WHAT YOU NEED TO DO:
Omit every picture, and retype the lines that run from the beginning of the data below through the line containing "How To Hip UltrasoundGuided", inclusive.

(Short web captions)
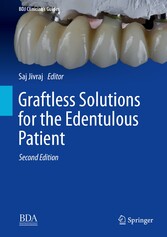 Graftless Solutions for the Edentulous Patient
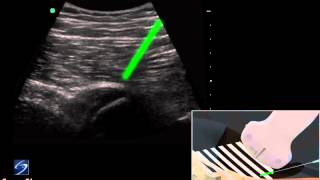 How To Hip UltrasoundGuided Injection of the Proximal Hamstring 3D Video [upl. by Amihc583]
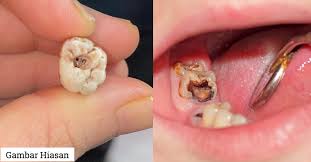 Kami menggunakan laser untuk meminimumkan pendarahan dan mempercepatkan proses pemutihan gigi serta proses. Tampal Segera Kalau Gigi Berlubang Elak Sampai Kena Buat Rawatan Root Canal Kos Cecah Rm1 000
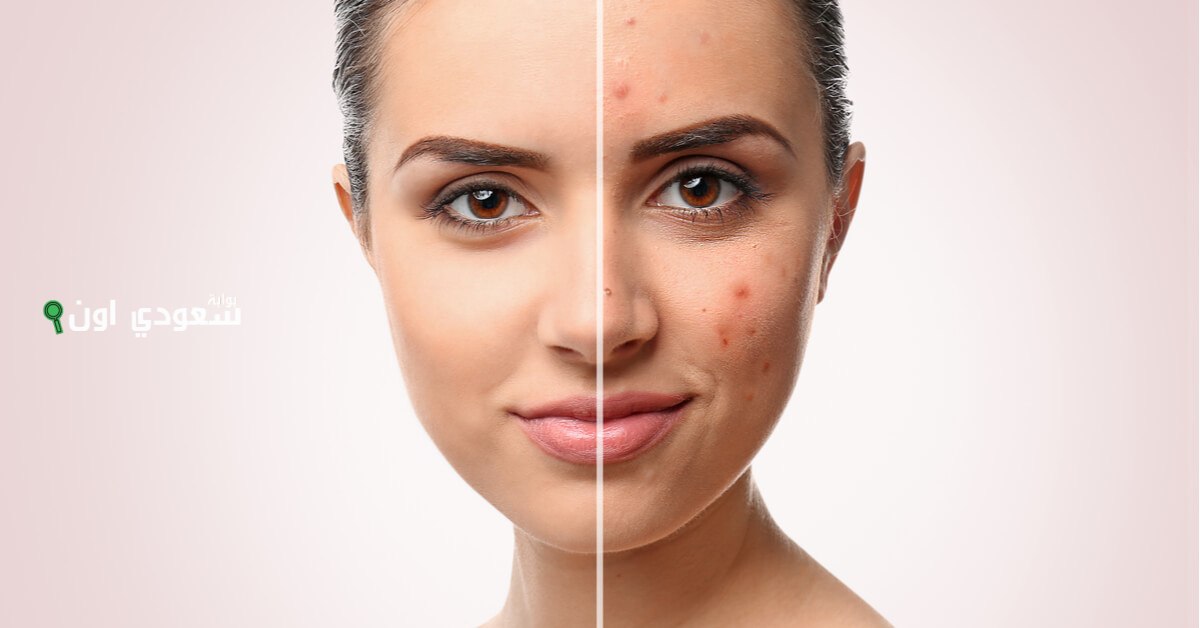 وصفات طبيعية للتخلص من آثار الحبوب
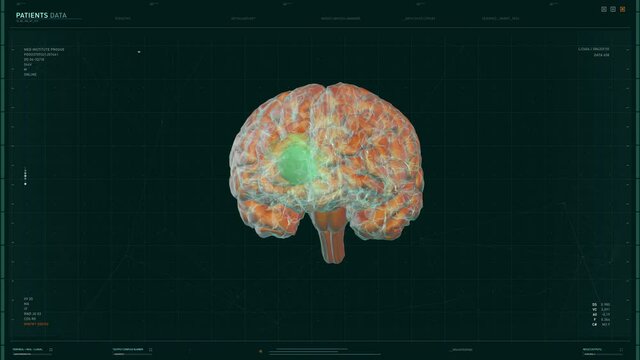 Brain Tumor Diagnosis Showing On A High Tech Computer Program Interface. Confirming Diagnosis On MRA Scan Interface. Diagnosis Interface Checking A Brain Focusing On A Tumor Diagnosis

WRITTEN RESPONSE:
 Graftless Solutions for the Edentulous Patient
 How To Hip UltrasoundGuided Injection of the Proximal Hamstring 3D Video [upl. by Amihc583]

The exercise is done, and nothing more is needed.